Hi could anyone help me translating this to swedish:

If you are not here, I neither want to be here.

Could it go like this: "Om du inte är här, jag önskar inte att vara här."


----------



## Tjahzi

Depending on how romantic/poetic/dramatic/whatnot you want to be, there are of course more than one way to translate this. 

Personally, I would go with *"Om du inte är här vill inte heller jag vara här"*. With "inte heller" translating to "neither". One could rearrange it to more closely reassemble the way you put it, but I would personally go with the translation above.


----------



## ex-Liga

Tack s_å _ mycket..

Its supposed to be very romantic or maybe a little dramatic as well.

And one more: I miss you incredible much.

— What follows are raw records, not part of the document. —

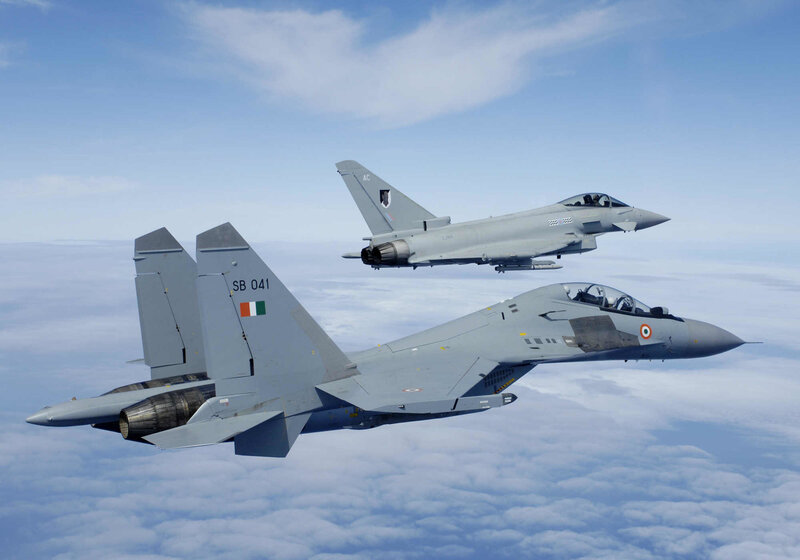 Two Fighter Jets in Flight — Gray, Calm, Morning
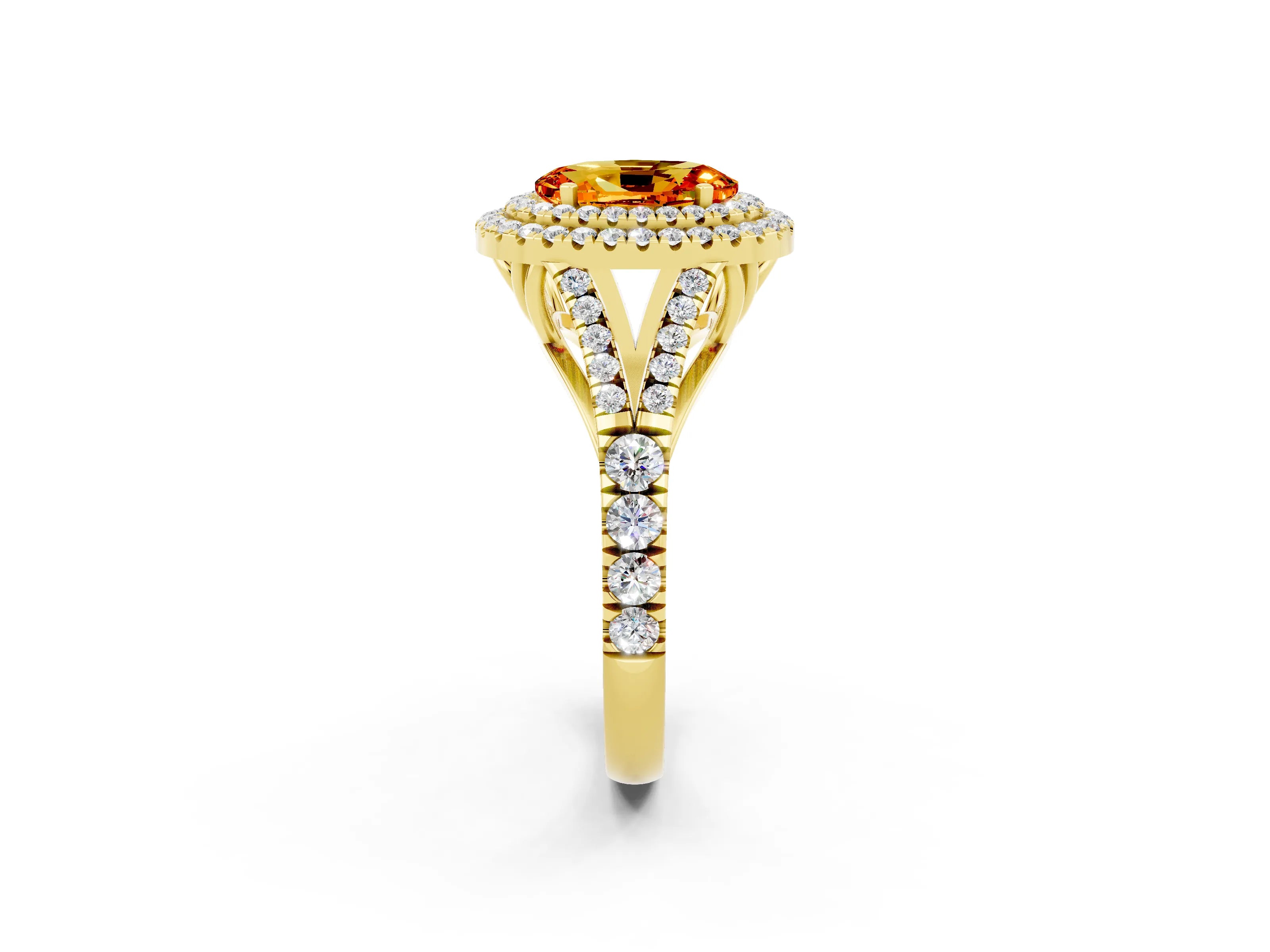 Yellow gold Double Halo Oval Cut Citrine Pavé Split Shank Ring with Prong Setting_2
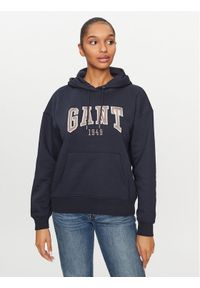 GANT - Gant Bluza Rel Logo Hoodie 4200726 Granatowy Relaxed Fit. Kolor: niebieski. Materiał: bawełna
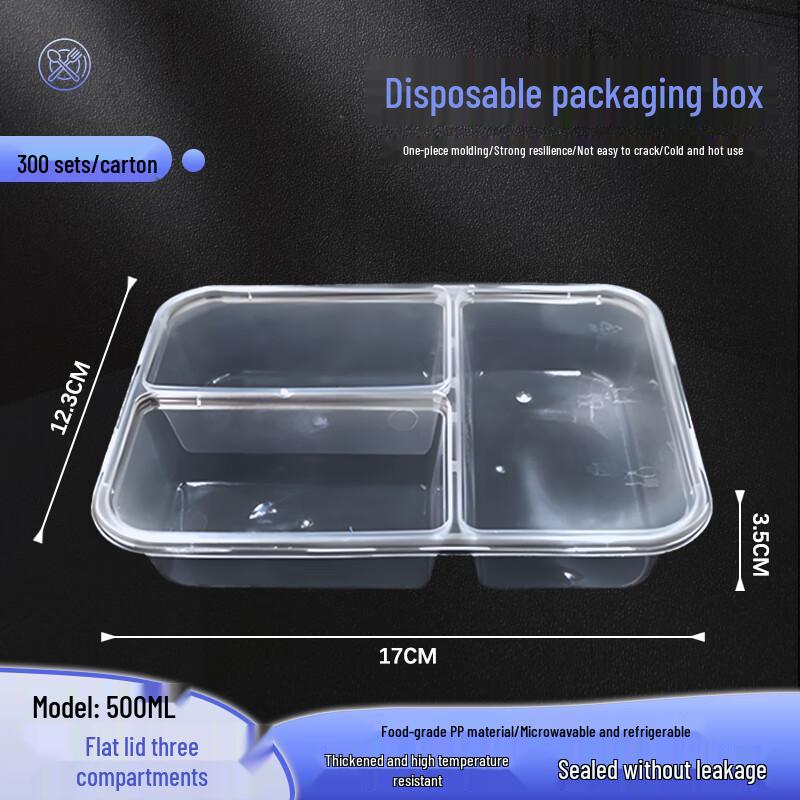 Viborg 500ml Disposable 3-Compartment Meal Prep Containers with Flat Lids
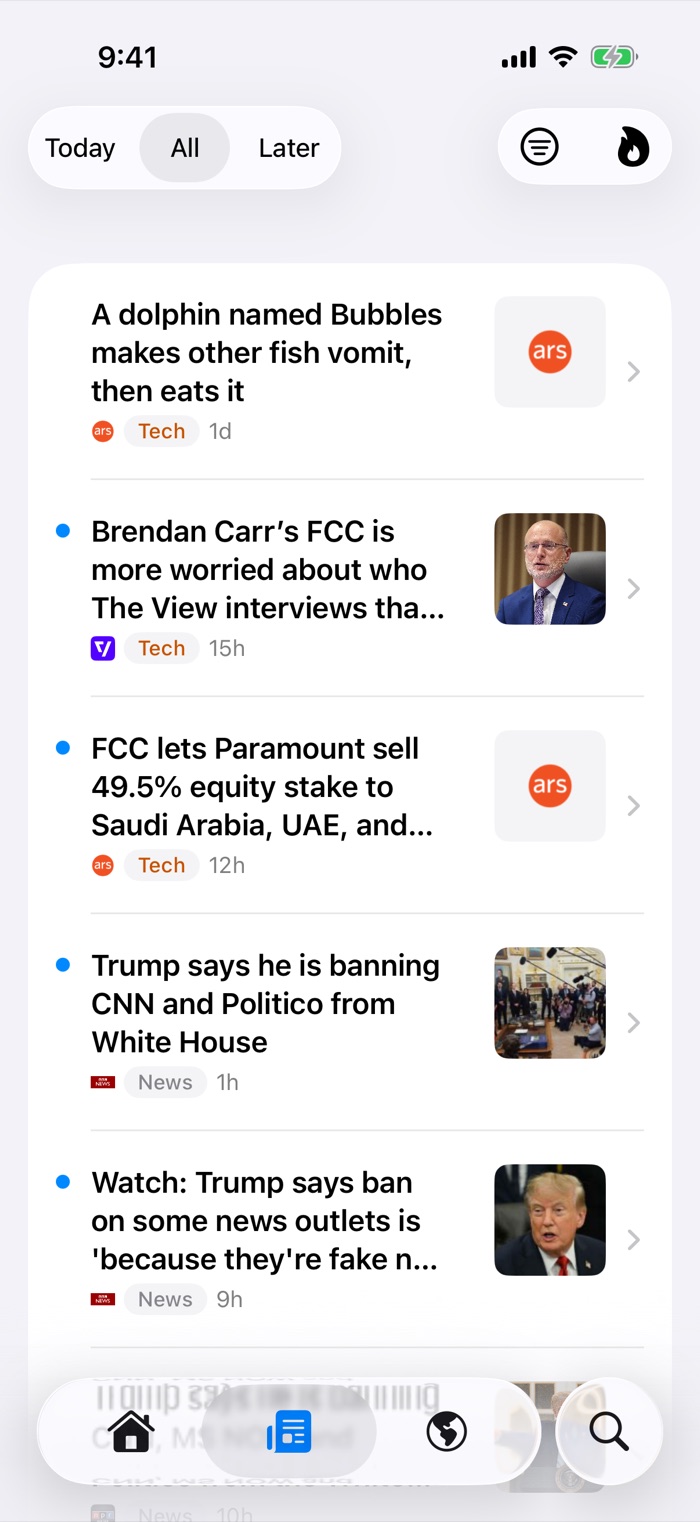 Ferry's article list: your own subscriptions, ranked by how widely each story is covered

"Jag saknar dig ofattbar (oerhörd) mycket*" (??)*


----------



## El Patillas

Liga said:


> Tack s_å _mycket..
> 
> Its supposed to be very romantic or maybe a little dramatic as well.
> 
> And one more: I miss you incredible much.
> 
> "Jag saknar dig ofattbar (oerhörd) mycket*" (??)*


 
Hej!

ofattbart/oerhört


----------



## Tjahzi

Yepp, go with Patillas advice. In case you wonder, the -t suffix turns the adjectives into adverbs, like English -ly, "I love you amazing-ly much".


----------



## ex-Liga

So I guess it does not matter so much which of the both words I use? 

Ofattbart or oerhört?


----------



## Tjahzi

Hm, they are more or less synonyms. However, to me, "oerhört" sounds slightly better (that is, it's more common and therefore sounds better).


----------



## ex-Liga

_Tack s__å  mycket_ once again


----------



## jonquiliser

Hey guys!

_Otroligt_ sounds even better here than _ofattbart _or _oerhört_


----------



## Tjahzi

Yes, I agree. If we are to pick words beyond "oerhört" and "ofattbart", I would go with "otroligt" or "väldigt", but then again, it's a matter of how romantic one wants to be. The reason we find those more suitable could be that it's simply less romantic, which is more natural to us?


----------